Image: Teemu Kiviniemi
Jarno Koponen
Who decides what journalism is and what makes the news headlines in the digital era?
What is the point in media houses’ journalistic aspirations in a world in which technology giants are the gatekeepers of knowledge, and memes spread faster than any other content on social media platforms?

What should be done in order to make journalism help people understand the surrounding world a bit better: the world in which ground-breaking societal events and our everyday behaviour turn into data on digital giants’ servers?

The internet’s “journalistic direction”

The world order of journalism has changed: technology giants such as Google, Facebook and Baidu are in charge of the internet’s “journalistic direction”. Technology companies have turned into curators whose values, business principles and systems have a direct impact on what kind of (news) content billions of people see and experience.

News media are unable to understand how different factors, ranging from recommendation algorithms to meta data invisible for users, affect the presentation and spread of journalistic content. To give a concrete example, when journalists publish content in the news flow of social media or on Youtube, they can no longer define how, or on what grounds, the content will be shown to people.

Memes are shared on Instagram seven times more than other type of content. The character of this social media platform gears people into creating emotive memes instead of profound analyses.

What is more significant to journalism, though, is the fact that unique information on the actions of individuals, communities, companies, society and the environment is hiding in the data chambers of big digital giants. This leads into a big question: how can we deal with the phenomena and events of the contemporary world in a profound manner if we cannot have access to information crucial for understanding them?

The future of journalism will not lie in technology

Right now, big technology companies affect the daily work of news media, and reform journalistic activities, but Yle, BBC, The New York Times or any other journalistic operator cannot directly challenge the internet giants in a technology contest. Yle is not, and cannot be, an AI company. Our strength lies in content. We can be the winners in that game.

Do the current journalistic methods, forms and publishing channels suffice, if we want to create a really eloquent and personal content experience on a complex topic?
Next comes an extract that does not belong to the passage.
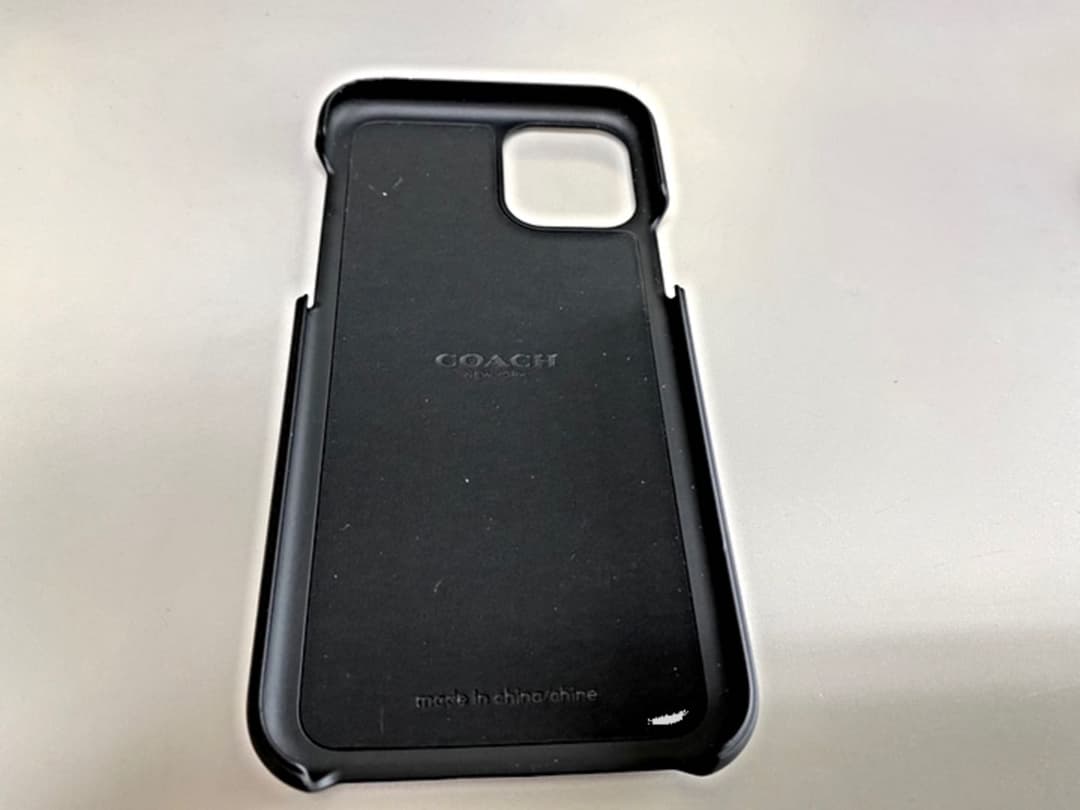 COACH iPhone 11 pro 手帳型ケース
How will we present and analyse, for instance, future elections, if the results are influenced more strongly by skilfully targeted social media memes and discussions in closed groups than by election debates and politicians’ speeches at local marketplaces?

In order to produce meaningful journalism in a world in which the digital reality and physical world are seamlessly intertwined, editorial offices have to understand the structures underpinning the digital world in a more profound and broader manner from the perspective and objectives of journalism.

We have to be able to combine journalism and different technological applications and methods of human sciences ranging from AI to qualitative user surveys, and use this information as part of journalistic work, so that we can help people and ourselves see the world more clearly than now.

Who decides what you see?

If you only search for information on Google or follow international events through established news media, their values, algorithms and business models have a direct impact on what kind of information you have access to, how you see the world, and how you talk about it.

The editorial staff’s digital knowledge and tools directly influence what kind of journalistic decisions and content are made. And so, digital knowledge and data understanding have to become a part of journalistic key competence.

We have to create new approaches, working methods and tools that will help editorial offices and journalists in their work in a concrete manner. This means three key points:

  1. We will create new methods for editorial offices and journalists that will help them understand everyday digital reality and the world of data more fluently. The fact that almost everything we do leaves a digital imprint which affects what will happen next. It is our own responsibility, and the prerequisite of journalistic work of the future, to better understand the effect of data reality on people and society.
  2. We will make sure that journalistic content and service development will be made in a more multidisciplinary manner in the future. New methods of personal storytelling and interactive experiences are not generated by technological developments: journalists, service designers, data scientists, dramatists and application developers have to work together.
  3. Furthermore, while developing new storytelling methods, we aim to understand what we can do better than anyone else. Which stories are the ones that nobody else would tell, and which topics would nobody else deal with?

The playoffs of media houses have already started in the USA, and will start in Europe, too. Totally new openings and revolutionaries are rare in the field. In the bigger picture, the news media that concentrate on optimising journalistic activities based on old world principles will no longer be part of people’s everyday life in the future. If news media cannot reform journalism, the technology giants of today and the future will define what journalism means to future generations.